Kecewa

Kecewa

Sudah dua bulan Rian mengawasi gerak gerik Rendra mencari tahu apa yang dilakukan suami dari orang yang pernah ia cintai.

Setelah yakin dengan apa yang dilihatnya, ia memberitahu Athaya dan meminta Athaya untuk memastikan sendiri seperti apa seorang Rendra sebelum ia memberitahukan kepada sahabatnya itu.

"Kau masih marah padaku?". Tanya Rian melihat Athaya langsung mendiaminya setelah Rian menceritakan apa yang selama ini ia lihat.

"Ya, aku marah padamu, bagaimana aku tidak marah, kamu membiarkan sahabatku hidup dalam kebohongan bajingan itu". Sarkas Athaya.

"Aku tidak bermaksud seperti itu, aku hanya ingin memastikan apa yang aku lihat itu tidak salah". Bela Rian.

"Apakah butuh waktu selama itu untuk memastikan?". Ucap Athaya dengan tatapan tajam.

Rian hanya menggaruk tengkuknya yang tidak gatal sama sekali. Sekarang mereka menjadi tontonan banyak orang di bandara. Ia mereka sedang berada di bandara. Athaya langsung berangkat setelah mendengar cerita Rian, ia sampai membeli tiket kelas ekonomi yang kebetulan berangkat pada jam itu. Ia sendiri lupa kalau orang tuanya memiliki jet pribadi.

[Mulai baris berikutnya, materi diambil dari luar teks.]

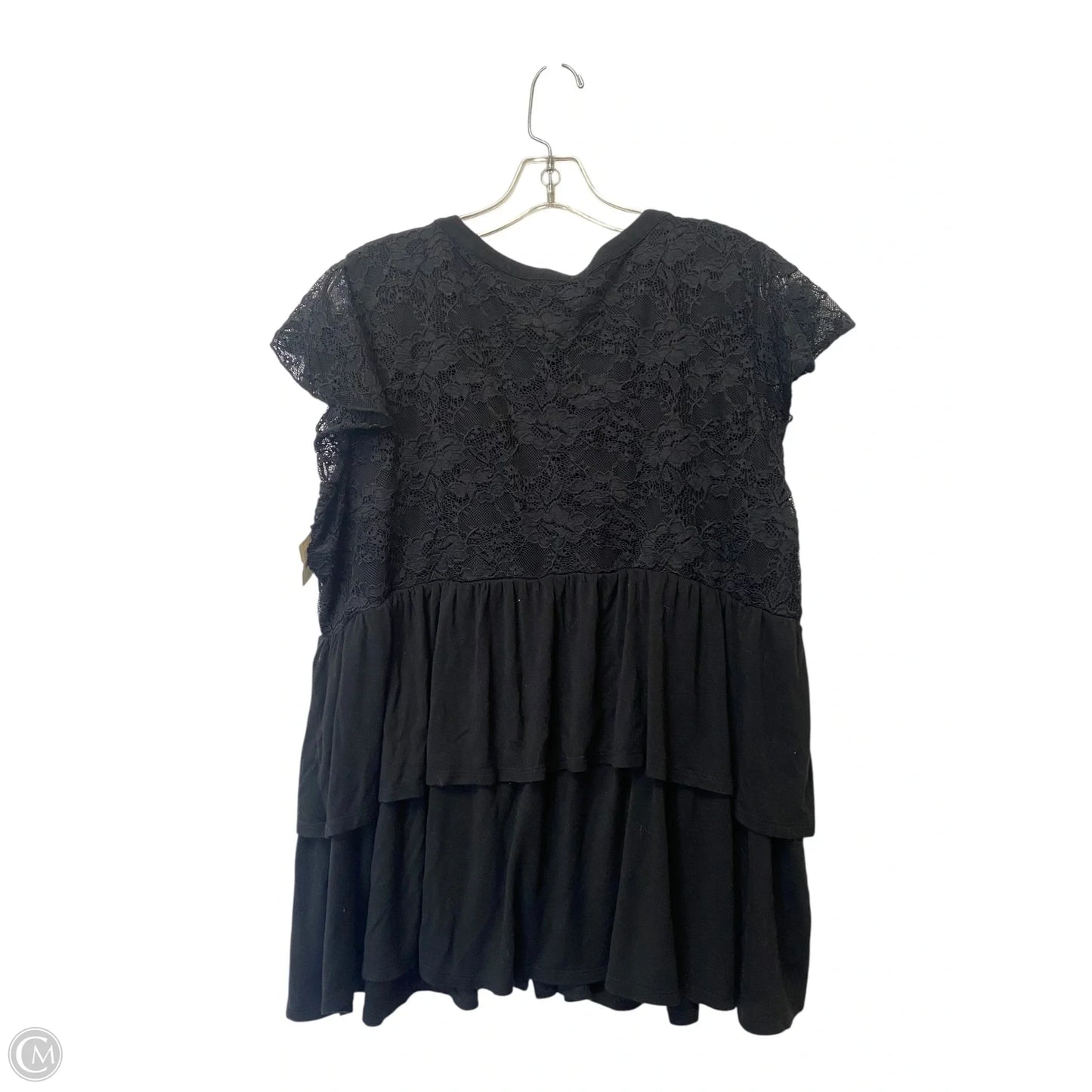 Top Short Sleeve By Torrid In Black, Size: 2x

Athaya tidak peduli dengan orang yang menontonnya, ia belum puas memarahi Rian. Baginya Rian sudah keterlaluan dengan tidak menceritakannya sejak awal.

Tidak ingin menjadi bahan tontonan, Rian menutup mulut Athaya dengan tangannya. Namun, dibalas dengan gigitan oleh Athaya.

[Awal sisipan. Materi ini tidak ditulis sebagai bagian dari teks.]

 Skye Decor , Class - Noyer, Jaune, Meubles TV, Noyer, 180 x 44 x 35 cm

Rian tidak peduli dengan tangannya yang digigit yang penting ia bisa meredam suara Athaya yang membuat telinganya sakit.

Bukan Athaya namanya jika hal kecil seperti ini ia tidak bisa atasi. Tangan kanannya yang bebas ia gunakan untuk menekan lengan Rian ke bawah, sementara yang kiri ia gunakan untuk memutar lengan Rian. Memutar tubuhnya, hingga posisinya berada di belakang punggung Rian. Dengan cepat Athaya menendang lutut bagian belakang Rian, hingga ia berlutut.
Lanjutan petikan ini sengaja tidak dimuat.